There is an application on Facebook that identifies when the user is logging in/off and from where. As of right now, this is available through Facebook’s Downloaded Information feature (Facebook changes where information can be found sporadically and typically without notice). This identifies the IP address that accessed the Facebook account and the the date and time associated with the login/off. As I have indicated before, I think this type of information may prove applicable in FLSA cases because it can show where the user is posting and when the poster is logged on and off; however, it may not prove helpful if the user maintains a continual login.

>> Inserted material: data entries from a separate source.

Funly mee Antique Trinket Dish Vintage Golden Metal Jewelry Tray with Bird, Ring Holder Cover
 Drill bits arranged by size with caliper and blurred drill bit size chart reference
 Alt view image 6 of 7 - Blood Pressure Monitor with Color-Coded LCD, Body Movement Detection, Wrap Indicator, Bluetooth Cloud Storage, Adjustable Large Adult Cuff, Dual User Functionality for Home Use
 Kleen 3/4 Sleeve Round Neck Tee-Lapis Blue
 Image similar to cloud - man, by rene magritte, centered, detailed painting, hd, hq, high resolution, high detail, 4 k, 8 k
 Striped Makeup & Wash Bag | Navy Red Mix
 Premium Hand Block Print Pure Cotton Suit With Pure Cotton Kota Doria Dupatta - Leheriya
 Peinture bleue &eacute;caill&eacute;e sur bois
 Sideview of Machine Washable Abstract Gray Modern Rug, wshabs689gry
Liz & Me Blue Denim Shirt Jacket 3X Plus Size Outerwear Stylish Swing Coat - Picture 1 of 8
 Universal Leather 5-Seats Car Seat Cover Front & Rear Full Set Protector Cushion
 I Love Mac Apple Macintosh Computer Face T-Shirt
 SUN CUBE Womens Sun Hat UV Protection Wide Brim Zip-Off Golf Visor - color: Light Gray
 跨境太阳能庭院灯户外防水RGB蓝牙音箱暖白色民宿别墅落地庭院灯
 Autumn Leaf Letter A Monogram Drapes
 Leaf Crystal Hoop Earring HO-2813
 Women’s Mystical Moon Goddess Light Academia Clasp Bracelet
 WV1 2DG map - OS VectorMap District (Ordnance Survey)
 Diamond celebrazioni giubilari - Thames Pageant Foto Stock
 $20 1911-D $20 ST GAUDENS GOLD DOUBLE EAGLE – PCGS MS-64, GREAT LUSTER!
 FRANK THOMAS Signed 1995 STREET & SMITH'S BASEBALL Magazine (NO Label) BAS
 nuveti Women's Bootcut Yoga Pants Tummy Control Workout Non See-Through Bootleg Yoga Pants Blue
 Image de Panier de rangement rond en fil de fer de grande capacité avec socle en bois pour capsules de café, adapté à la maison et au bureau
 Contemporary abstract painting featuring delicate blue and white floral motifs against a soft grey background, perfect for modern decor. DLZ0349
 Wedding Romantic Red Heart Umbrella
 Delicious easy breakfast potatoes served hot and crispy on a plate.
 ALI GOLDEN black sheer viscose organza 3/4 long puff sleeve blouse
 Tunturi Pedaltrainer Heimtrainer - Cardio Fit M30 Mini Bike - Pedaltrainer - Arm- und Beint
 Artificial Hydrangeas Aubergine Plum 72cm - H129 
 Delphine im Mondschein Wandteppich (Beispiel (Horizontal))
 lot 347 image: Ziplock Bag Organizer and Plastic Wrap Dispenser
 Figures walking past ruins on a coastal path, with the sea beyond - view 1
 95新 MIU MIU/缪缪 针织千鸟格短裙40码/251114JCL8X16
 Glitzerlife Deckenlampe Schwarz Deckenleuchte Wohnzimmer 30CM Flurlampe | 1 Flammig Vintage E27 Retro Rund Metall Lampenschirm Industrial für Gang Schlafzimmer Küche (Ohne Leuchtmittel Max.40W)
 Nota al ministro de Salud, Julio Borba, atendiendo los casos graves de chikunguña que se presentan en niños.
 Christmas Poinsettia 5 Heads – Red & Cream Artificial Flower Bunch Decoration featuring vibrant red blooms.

So employers, here are my tips on the issue:

  1. Get good “open the door” evidence. If you want to argue to a court that relevant evidence is out there, you have to be able to show that the evidence is indeed out there, not hypothetically speaking may be out there and may show something that might be somewhat relevant to the case, though not likely. This typically comes from your employees, or in other words, the employees who don’t like other employees who they believe are taking advantage of the company or being treated more fairly or, in many cases, they just don’t like the person, whatever. Many times, your employees are your evidence gatherers. You’ve already been told you should not to be “friends” or “followers” of your employees, so you aren’t getting this information, right? And with employees only beginning to learn how to use privacy settings effectively, much of the information remains, to some degree, public. What this means is that you should foster an open door environment where employees feel free to share this information and, at the very least, provide an anonymous reporting mechanism, which is how Aaron’s obtained Plaintiff Jewell’s social media posts it used in its evidence, to allow your employees to provide this information anonymously if they so choose. I would not encourage a snitching or tattletale environment because, unless you are a high school principal, you should leave such antics where they belong — buried in the past.
  2. Make sure the evidence you are seeking will ultimately be relevant to your case. Make sure the evidence you are seeking will, at the end of the day, be relevant to your case. In this case, Aaron’s did a decent job with their discovery requests and in asking the court for social media evidence — the request was narrowly tailored to the issue and identified the specific evidence requested. I just think the evidence the defendant was asking for was, like the court said, too burdensome to extract and, at the end of the day, not really helpful in getting to the ultimate issue of the case. In a smaller FLSA case, maybe it would have been feasible, but not in one with 1,700+ plaintiffs and not based on the postings of a single plaintiff — unless of course it’s a single-plaintiff case.
  3. Know social media. If you are going to ask for social media, know what is out there. There are three applications through Facebook that contain information that might contain relevant evidence. Don’t limit your discovery requests to just posts and photographs. See what else is available and narrowly tailor your request to get it. For example, in trying to determine whether an employee was really sick at home and not on in another state on vacation, see where the employee has checked in through the “check in” function.